- _Work task_: Please repeat each line from the one holding "A home in Lemoore" through the final line of the data, exactly as it stands, with no pictures.

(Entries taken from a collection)
BEGIN

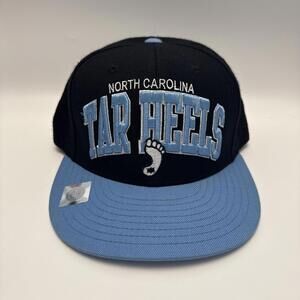 Vintage North Carolina Tar Heels Spell Out Script Snapback Top Of The World RARE
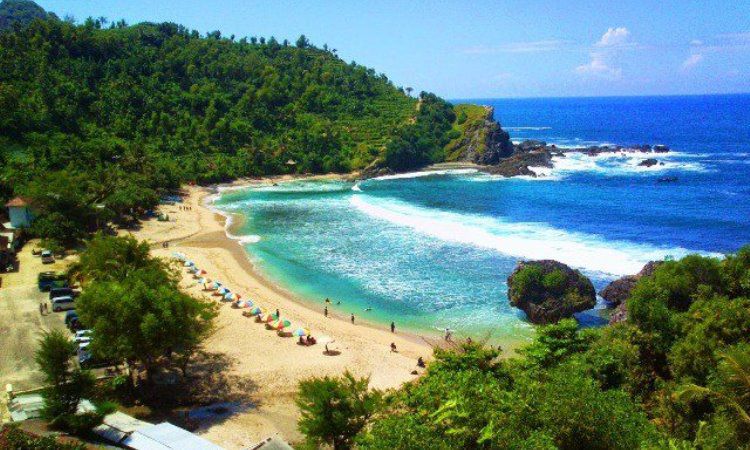 Daya Tarik Pantai Nglambor Jogja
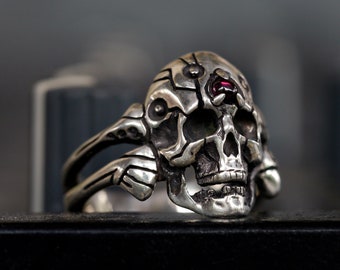 Skull Ring “Machine”| Silver Garnet Ring | Biker Statement Ring | Viking Gemstone Ring | Heavy Metal Ring | Memento Mori Ring | Punk Ring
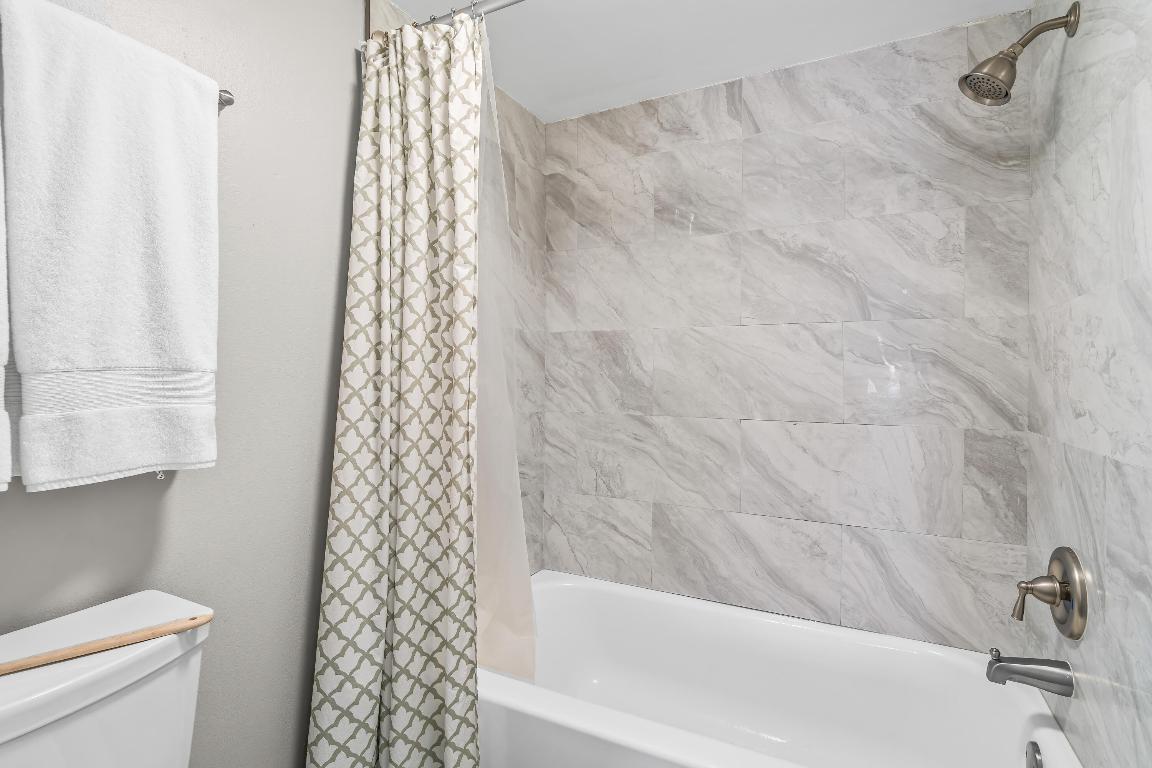 410 Wilma Circle 203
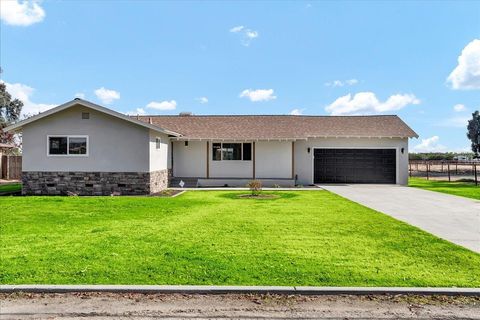 A home in Lemoore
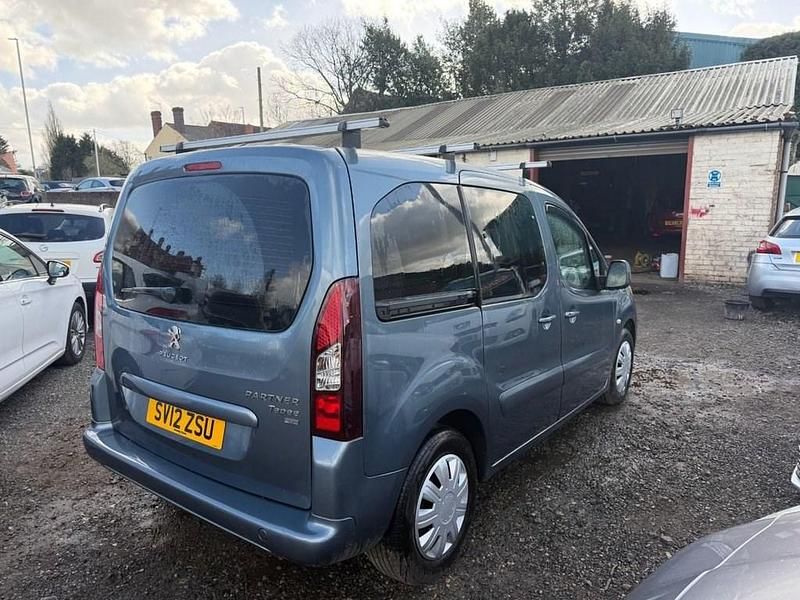 Used Peugeot TePee S 92 HP (67 kW) 2012 Grey MPV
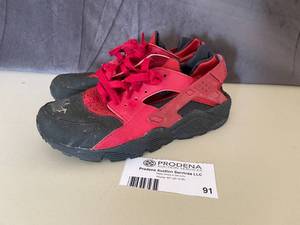 lot 91 image: Nike Air Huarache RedBack Athletic Running Shoe Mens Size 8.5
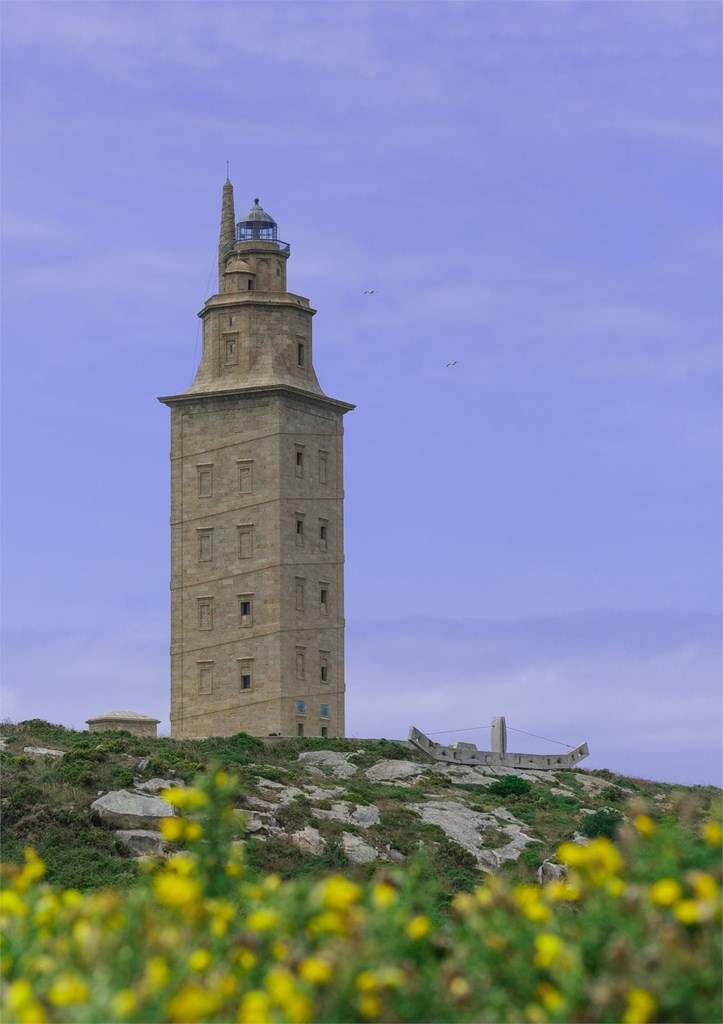 Mudanzas Comerci: Mudanzas económicas en A Coruña, ciudad de la Torre de Hércules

END

- _Exercise solution_:
 A home in Lemoore
 Used Peugeot TePee S 92 HP (67 kW) 2012 Grey MPV
 lot 91 image: Nike Air Huarache RedBack Athletic Running Shoe Mens Size 8.5
 Mudanzas Comerci: Mudanzas económicas en A Coruña, ciudad de la Torre de Hércules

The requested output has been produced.